Jobbik's website makes much of the 'slanders' against its name. Morvai refused The Sunday Telegraph an interview for its “peddling of outright lies and malicious fabrication”; fancy having the audacity to claim that “Jobbik has been linked by mainstream Hungarian politicians to anti-Semitism and a wave of anti-gipsy violence that has claimed the lives of seven Roma during attacks that involved grenades, petrol bombs and gunfire.”
Like the modern-day British National Party, Jobbik goes out of its way to present itself merely the party that addresses those uncomfortable racial questions no-one else has the guts to address – cuddly, compassionate far-right conservatism with nary a cudgel to be seen. Except, of course, when Jobbik shows its other face – although it brushes off any claims that its uniformed, jackbooted militia, the Hungarian Guard, are anything more sinister than loyal patriots in national folk costume. Here's a picture of them marching with a banner saying “Down with the dogma of the Holocaust”. Hmm.
The party's website has a useful page with maps detailing serious alleged attacks both by and against the Roma people in Hungary. Attacks on Roma are described in a detached, news-like tone. A large number turn out not be racially motivated at all – in fact, conveniently, the perpetrators themselves often turn out to be Roma, usually motivated by usury crime, and “as usury crime is widespread in Hungary, the racist theory is wearing thinner by the day”. In one arson case a swastika and threatening words were daubed on a wall, but “the painted (and not sprayed!) swastika was in opposite direction and the threatening words contained serious grammar mistakes. Tiszaroff is mainly populated by Romas and it would be hard to sneak there (even during night due to the dogs) for the alleged "racist" arzenist (sic).”
I don't know about you, but that sure puts my mind at rest.
The second map sports different categories to the first - “Roma mob” and “Rape/ robbery”, but no sign of “Bogus/ minor”. There seem to be a lot more cases too. The “allegedly”s grow thinner and the strict recourse to such technicalities as evidence fades. Try this one for size: “An old couple were brutally beaten and robbed in their own house in Miskolc. Police later captured the Roma perpetrators. Miskolc Police Chief Albert Pasztor stated in a press conference later that "all serious robberies in Miskolc are committed by Romas".”

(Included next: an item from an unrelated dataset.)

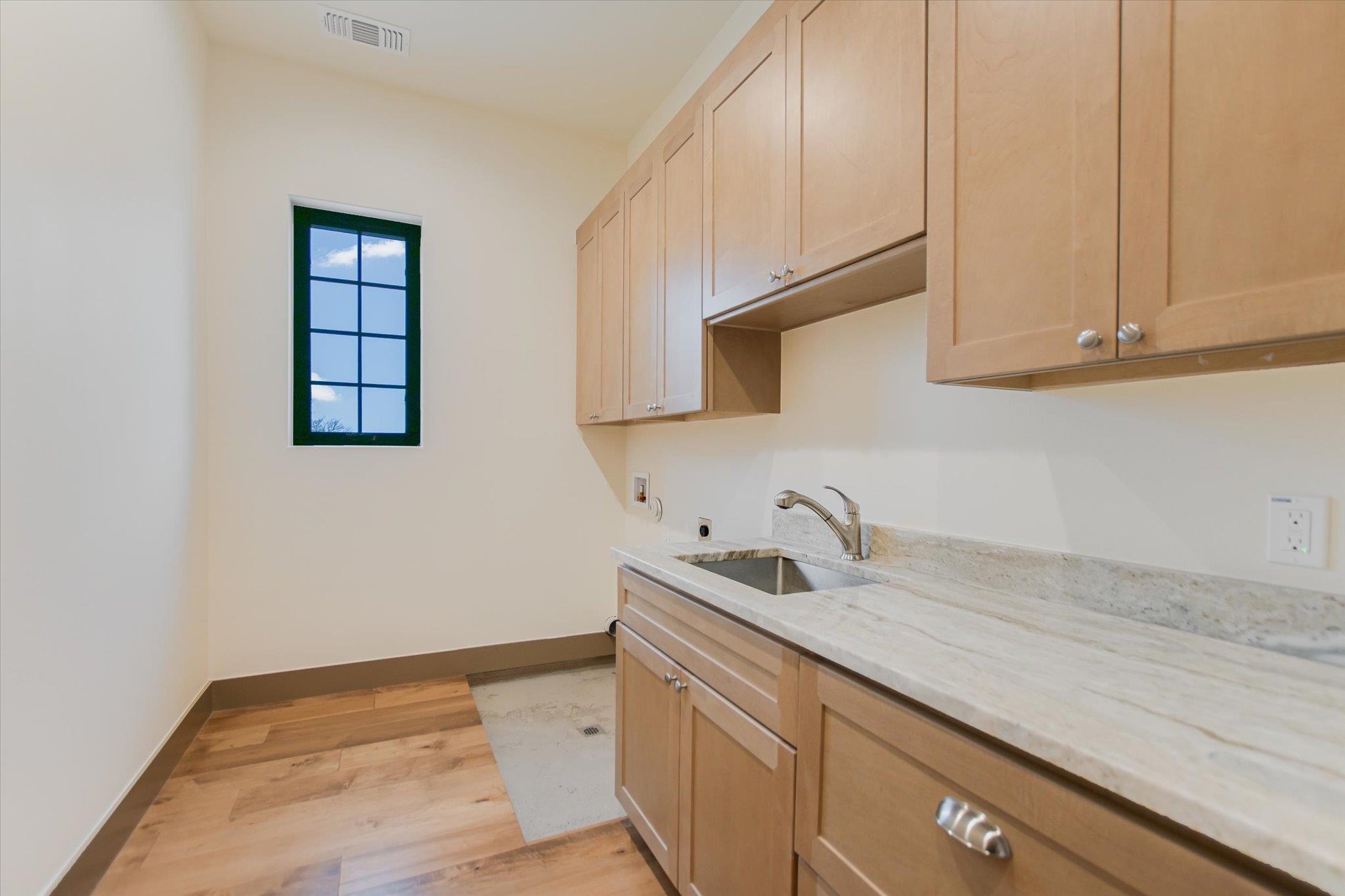 401 Eagle Ridge None Property Photo 13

Jobbik is a party that, for all its gloss, speaks of reuniting “Greater Hungary” after the stab in the back of the 1920 Treaty of Trianon, boasts of its recent meeting with the BNP, and is fundamentally opposed to the supranationalist concept. I am far from a fervent cheerleader for the European project, but the presence of such neanderthals in the EU parliament can only render it a farce.
Edit 08/ 06/ 09: Jobbik received nearly 15% of votes cast.